Exercise:
The result should be an exact copy of only the lines from the one with "ENOUGH Collagen Whitening" through the last line of the data below, with pictures omitted.

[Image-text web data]
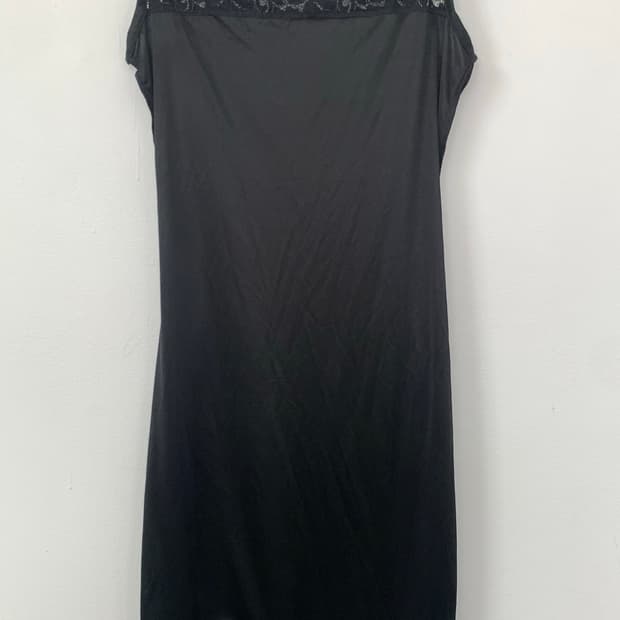 mini lace slip dress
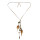 N-6832 Bohemian Vintage Skull Feather Leaf Pendant Charm Leather Necklace for Women Jewelry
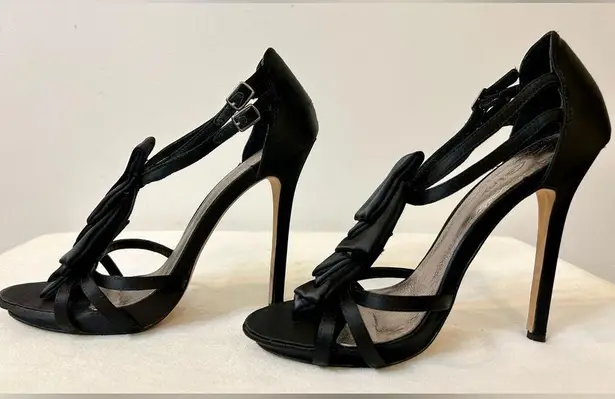 ZiGiny Darling Black Satin Ruffle T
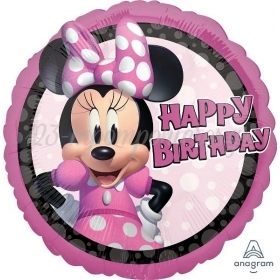 Μπαλόνι Foil 18''(45cm) Minnie Mouse Happy Birthday - ΚΩΔ:541893-BB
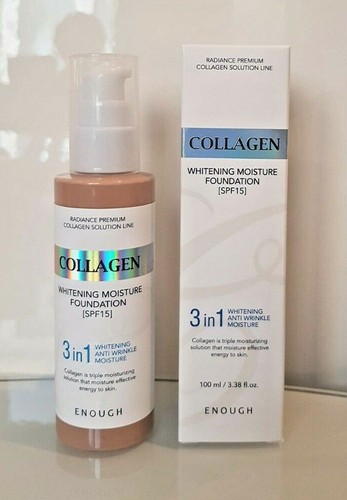ENOUGH Collagen Whitening Moisture Foundation 3 in 1 SPF15 Shade 13 / 21 / 23 - Picture 18 of 21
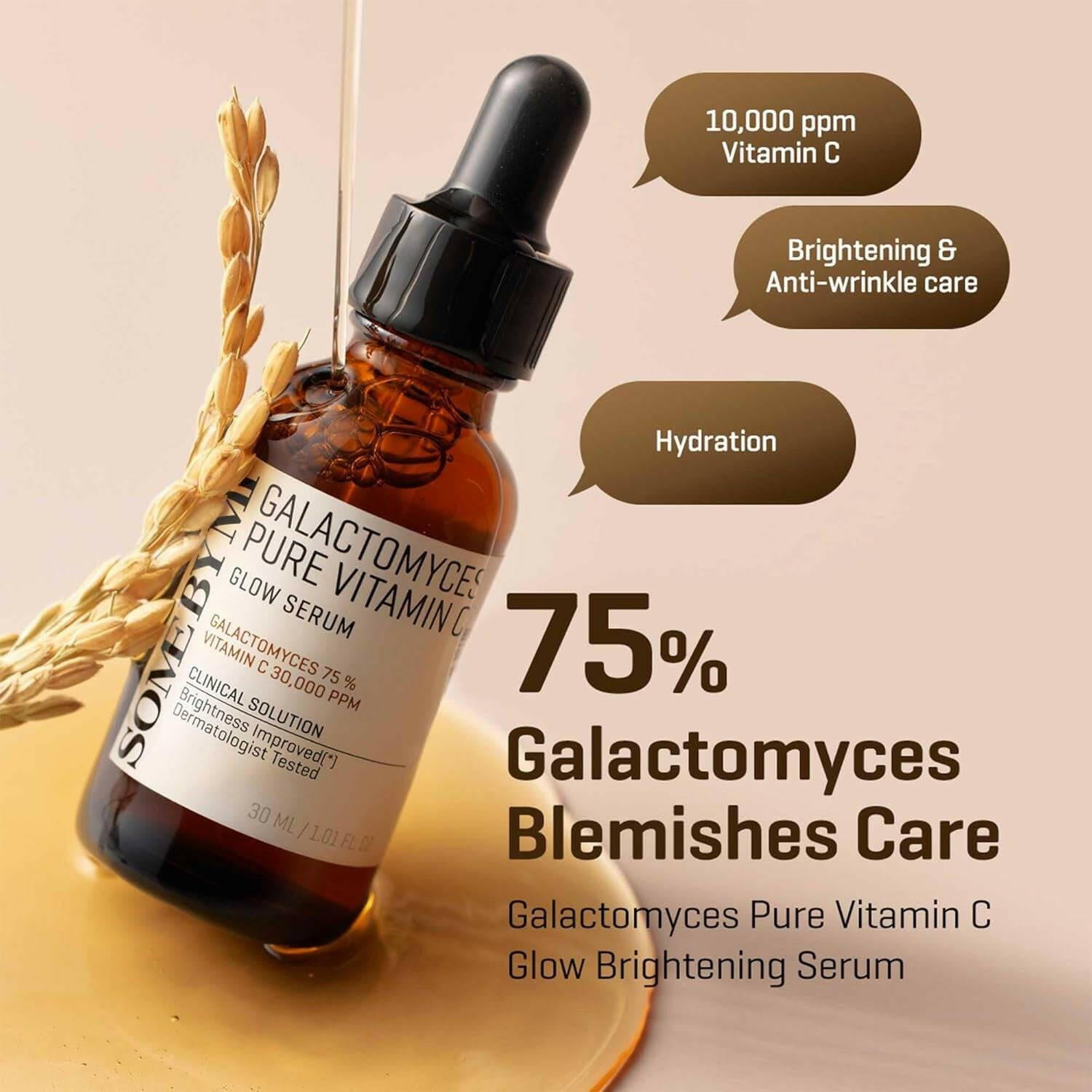 SOME BY MI Galactomyces Pure Vitamin C Glow Serum 30ml - bellubeauty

Finished exercise:
ENOUGH Collagen Whitening Moisture Foundation 3 in 1 SPF15 Shade 13 / 21 / 23 - Picture 18 of 21
 SOME BY MI Galactomyces Pure Vitamin C Glow Serum 30ml - bellubeauty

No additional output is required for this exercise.